Une femme tient son bébé dans ses bras, face à la mer en pleine nuit. Cette image, la toute première de Saint Omer, hante l'esprit de Rama (Kayije Kagame), professeure d'université, enceinte depuis peu, qui s'apprête à écrire un roman en traçant un parallèle avec Médée, personnage de la mythologie grecque dont Pier Paolo Pasolini, entre autres, s'est inspiré pour l'un de ses longs métrages.
Perturbée et fascinée par une affaire d'infanticide ayant eu lieu à Berck-sur-Mer, dans le Pas-de-Calais, l'autrice décide de se rendre à Saint-Omer pour assister au procès de Laurence (Guslagie Malanda), l'accusée, jeune femme brillante qui impute son geste inexplicable à la sorcellerie. Le témoignage de cette dernière, à la fois clair et glaçant, viendra remuer bien des choses chez Rama.
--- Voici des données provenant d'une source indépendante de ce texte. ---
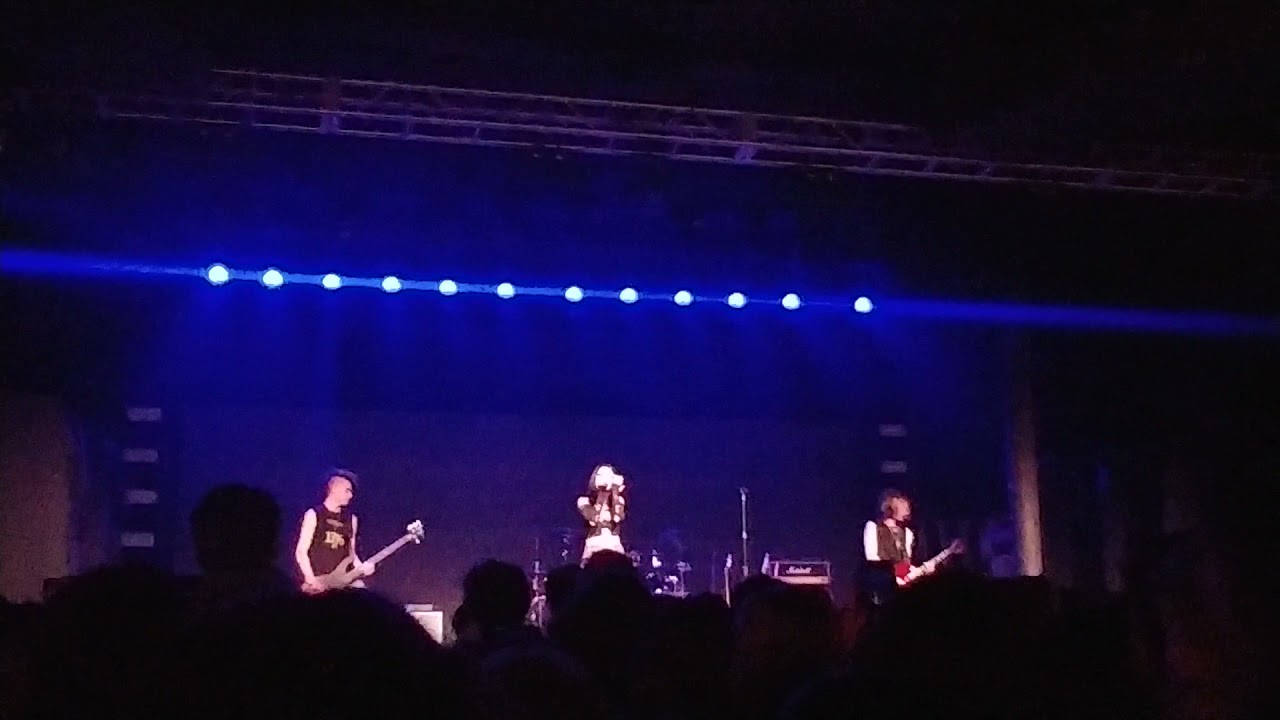 Maggie Lindemann - Crash and Burn (Live @ Roseland Theater, 11/20/2021)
Son rapport ambigu à la maternité, autant à titre de future mère qu'en tant que fille d'une femme avec qui les rapports n'ont jamais été simples, sera d'évidence bousculé.
Ayant déjà fait sa marque dans le domaine du documentaire, Alice Diop (Nous) se lance maintenant dans la fiction en mettant à profit son expertise. En s'inspirant d'une véritable histoire d'infanticide ayant fait les manchettes en France il y a quelques années, la cinéaste française propose un drame très fort, qui confronte le spectateur à ses certitudes, d'autant que sa mise en scène est entièrement conçue pour mettre le propos de l'avant. Et le trouble qu'il suscite.
Des traits de société
Le récit de Saint Omer consiste essentiellement en un procès, que la cinéaste filme souvent en plans fixes et en plans séquences. Cette approche peut sembler austère, voire radicale, mais elle se révèle ici d'une redoutable efficacité, le spectateur n'ayant d'autre choix que de porter son attention sur ce qu'il voit et, surtout, sur ce qu'il entend. De façon subtile, Alice Diop braque aussi sa caméra sur quelques personnages clés de l'histoire, plus particulièrement la présidente (Valérie Dréville) et l'avocate (Aurélia Petit), sans oublier les réactions de l'auditoire, souvent exprimées intérieurement.
S'étant intéressée à un procès qu'elle a elle-même suivi en présentiel après avoir vu une photo de l'accusée dans Le Monde, Alice Diop aborde avec finesse certains traits de société. Elle évoque notamment les a priori collectivement entretenus envers les citoyens venus d'ailleurs et le racisme " ordinaire " qui en découle.
Au procès, on se demande en outre comment l'accusée, franco-sénégalaise, a bien pu, au cours de ses études, s'intéresser au philosophe austro-hongrois Ludwig Wittgenstein alors qu'elle aurait logiquement dû choisir un penseur " plus près de sa culture ". Saint Omer est d'autre part nourri du regard que porte Rama, une intellectuelle française afrodescendante, sur Laurence, une femme dont le parcours pourrait être similaire au sien.
À cet égard, il convient de souligner les performances remarquables des deux actrices principales. Guslagie Malanda, dans le rôle difficile de l'accusée, parvient à moduler toutes les facettes d'une personnalité complexe sans aucun effet dramatique. En contrepoint, Kayije Kagame exprime magnifiquement le tourment d'une femme dont on suivra également la démarche à l'extérieur de la cour d'assises. On ne saurait passer sous silence non plus les présences très vibrantes des femmes de loi. Le plaidoyer de l'avocate, au cours duquel cette dernière tente de comprendre sans excuser, est un grand moment.
Grâce à une approche naturaliste, très dépouillée, une mise en scène dénuée de tout artifice, Alice Diop expose un cas de figure pratiquement inextricable. Elle force ainsi le spectateur à remettre en cause les idées reçues, sans pour cela orienter son jugement d'aucune façon.
Lauréat du Grand Prix du jury à la Mostra de Venise l'an dernier, Saint Omer est un film extraordinairement puissant.